Aradhana Katke1, Nanda R1, Thejaswini B1, Tanveer Pasha1, Giri G V1, Govind Babu1, Yashwant Pawar1
Rep Pract Oncol Radiother 2021;26(6):948-954.

Abstract

Background: Addition of chemotherapy to radiation has improved 5-year survival by 6%. However, the optimal dose and schedule of concurrent cisplatin is not well defined, though widely accepted practice is the weekly schedule of 40 mg/m2 for 5 weeks. Repeated admissions for weekly cisplatin drain the limited resources in high volume centres. We intended to study the compliance and toxicity of two cisplatin schedules in our patients diagnosed with carcinoma cervix.

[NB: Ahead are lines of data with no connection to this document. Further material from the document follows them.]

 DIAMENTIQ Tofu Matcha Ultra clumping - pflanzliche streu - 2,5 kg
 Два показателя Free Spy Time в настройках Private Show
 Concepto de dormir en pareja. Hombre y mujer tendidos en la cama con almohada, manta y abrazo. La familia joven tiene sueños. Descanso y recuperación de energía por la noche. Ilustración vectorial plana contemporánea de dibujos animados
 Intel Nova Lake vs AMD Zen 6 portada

Materials and methods: Between 2007–2011, 212 patients, histologically proven squamous cell carcinoma with stages IIB to IIIB were randomized into two arms. All patients were planned for external beam radiotherapy 45 Gy/25frs over 5 weeks followed by Intracavitary or Interstitial brachytherapy to a total BED dose of 75–85 Gy. Single agent cisplatin given concomitantly, was scheduled weekly (40 mg/m2/cycle, 5 cycles) in an arm A and three weekly (100 mg/m2/cycle, 2 cycles) in an arm B. Toxicity and compliance were evaluated weekly according to the RTOG guidelines. Analysis of the compiled data was done using SSPS version 20.

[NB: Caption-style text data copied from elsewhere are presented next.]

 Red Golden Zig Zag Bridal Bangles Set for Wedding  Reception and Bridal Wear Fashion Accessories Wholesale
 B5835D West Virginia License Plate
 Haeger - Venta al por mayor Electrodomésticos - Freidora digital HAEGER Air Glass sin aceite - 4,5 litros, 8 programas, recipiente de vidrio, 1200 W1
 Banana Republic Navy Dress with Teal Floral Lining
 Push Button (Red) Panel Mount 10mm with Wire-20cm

Results: Of the evaluable 212, 109 patients received weekly cisplatin chemotherapy and 103 patients received three weekly cisplatin. The most common acute toxicity observed was grade I–II leucopoenia. The upper and lower gastrointestinal reactions were high in three weekly arms, which was statistically significant (57% and 42.7%, p < 0.05). Proctitis was observed in 10% of patients in both of the arms and only two patients had Gr1 cystitis after 6 months of treatment.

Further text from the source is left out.